(Records shown)
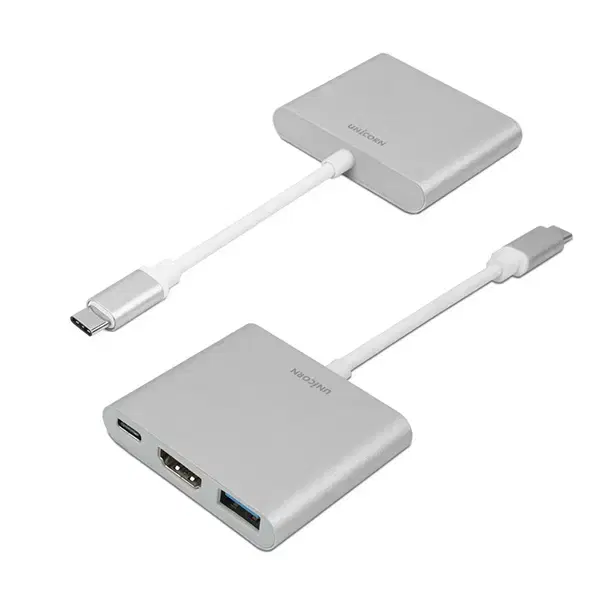 USB C타입 to 충전+USB3.0+4K HDMI 케이블형 컨버터 실버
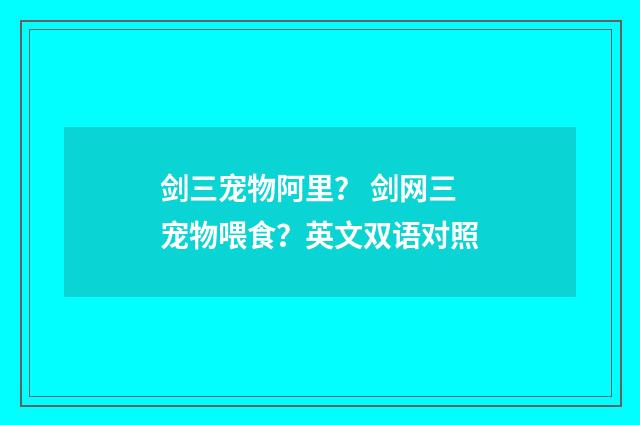 剑三宠物阿里? 剑网三宠物喂食?英文双语对照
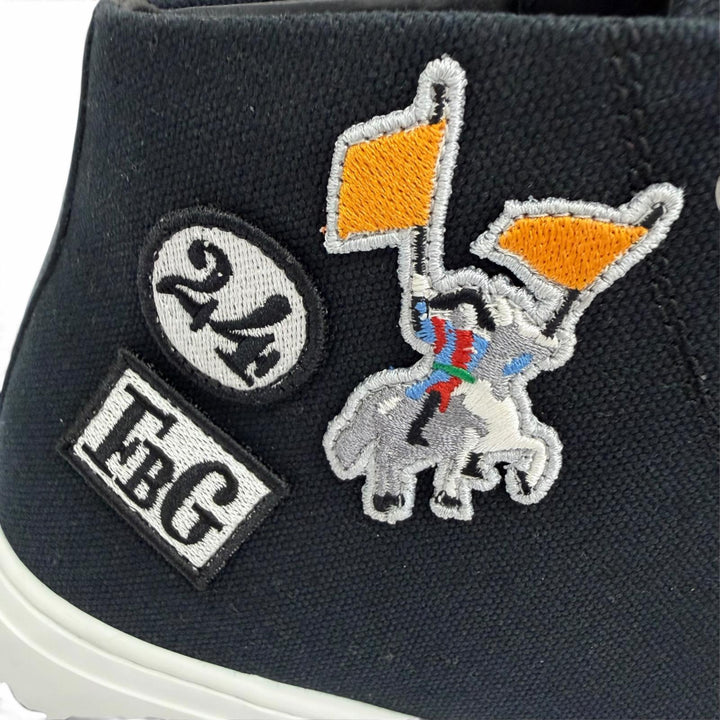 未使用品☆HERMES エルメス イリコ キャンバス レザー使い ロゴワッペン レースアップ ハイカットスニーカー ブラック IT 38 イタリア製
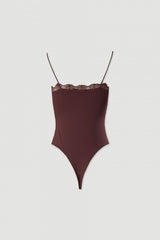 BODY FERRACHE JUSTO EM MALHA LICRA COM DETALHE EM RENDA - Carla Valente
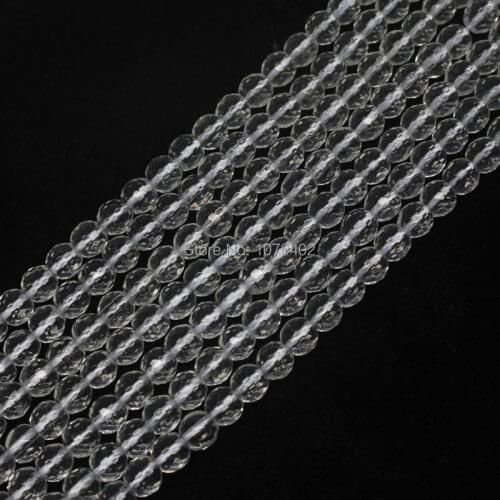 Mini. order is $7!Wholesale 70pcs,6mm 64 Surface Faceted Clear Rock Crystal Quartz Round DIY Loose Beads 15"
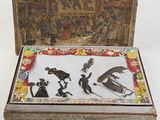 a box with a picture of people and animals in it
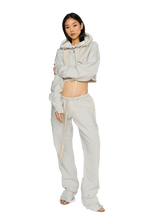 Load image into Gallery viewer, STRAIGHT LEG, DISTRESSED TRACKSUIT BOTTOMS IN TEDDY / CLOUD / CARBON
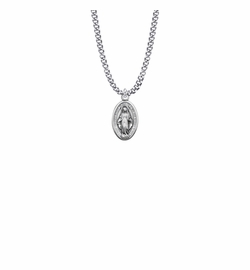 3/4 Inch Sterling Silver Oval Engraved Miraculous Medal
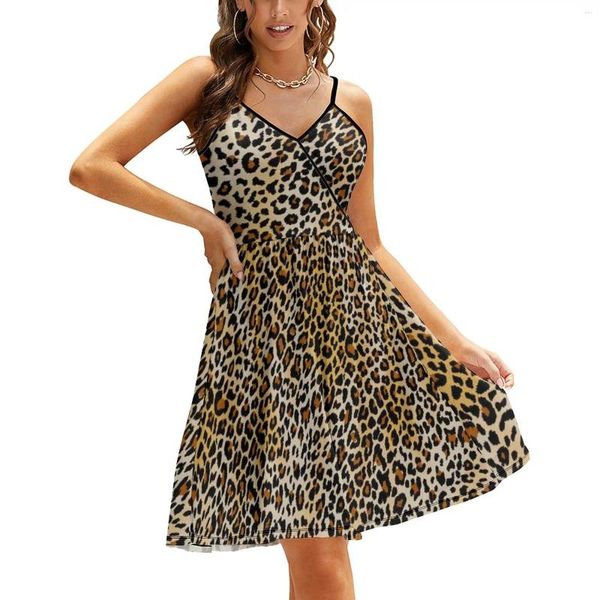 Lässige Kleider Leopard wildes Muster Kleid Sommerriemen hübsche Tierdruck ästhetische Frau sexy Kleidung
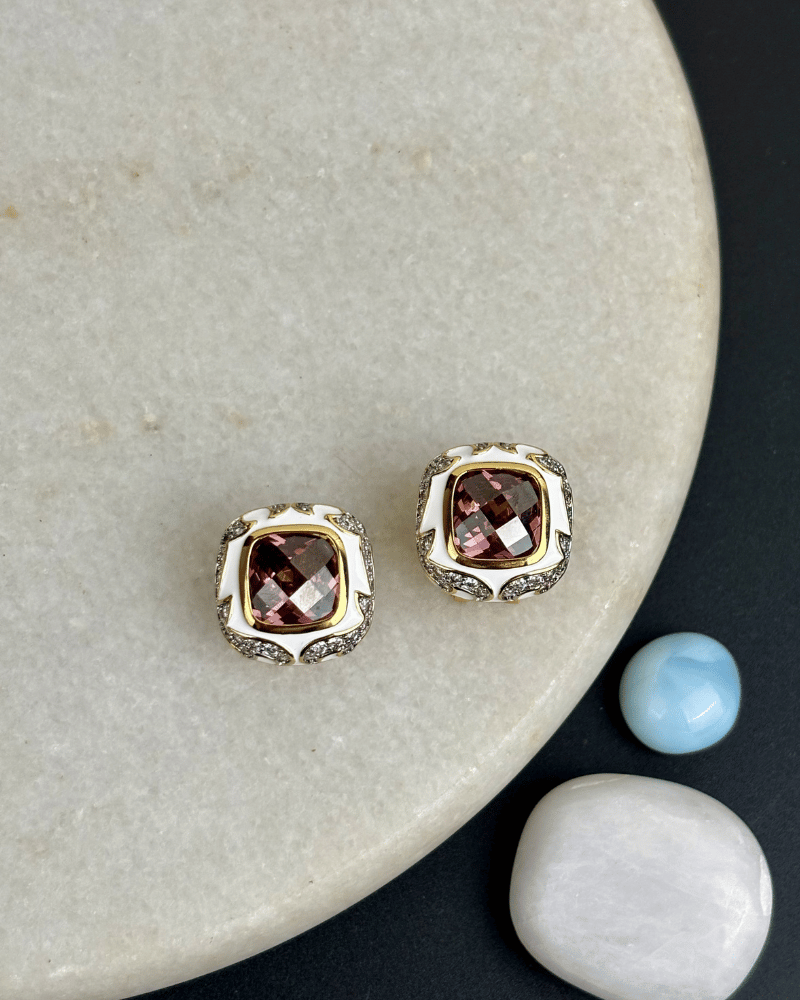 Roselle Crystal Studs | Rhodium Plating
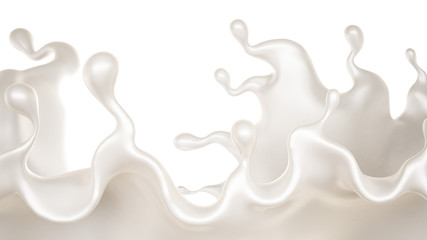 A splash of a thick white liquid. 3d illustration, 3d rendering.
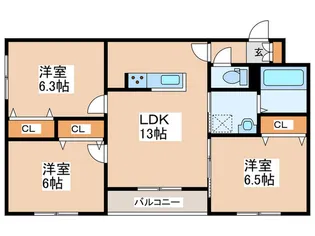 仮)月寒東1-6MS【1階】の間取り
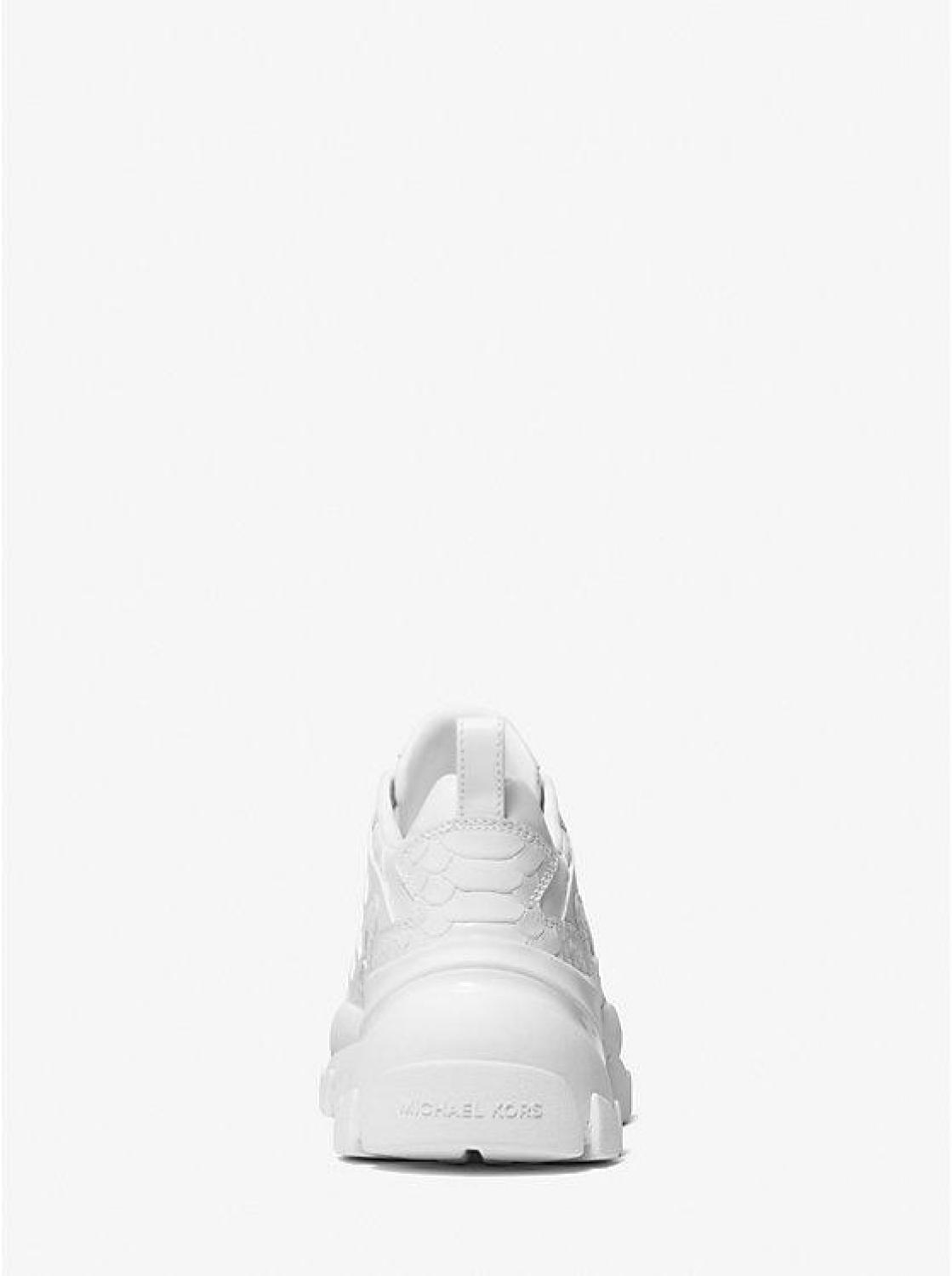 Nick Snake Embossed Leather Trainer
(End Records shown)
> Your task: Set down the records above exactly as written, beginning with the first line and ending with the line that contains "BODY FERRACHE JUSTO", and do not include pictures.

> Response:
 USB C타입 to 충전+USB3.0+4K HDMI 케이블형 컨버터 실버
 剑三宠物阿里? 剑网三宠物喂食?英文双语对照
 未使用品☆HERMES エルメス イリコ キャンバス レザー使い ロゴワッペン レースアップ ハイカットスニーカー ブラック IT 38 イタリア製
 BODY FERRACHE JUSTO EM MALHA LICRA COM DETALHE EM RENDA - Carla Valente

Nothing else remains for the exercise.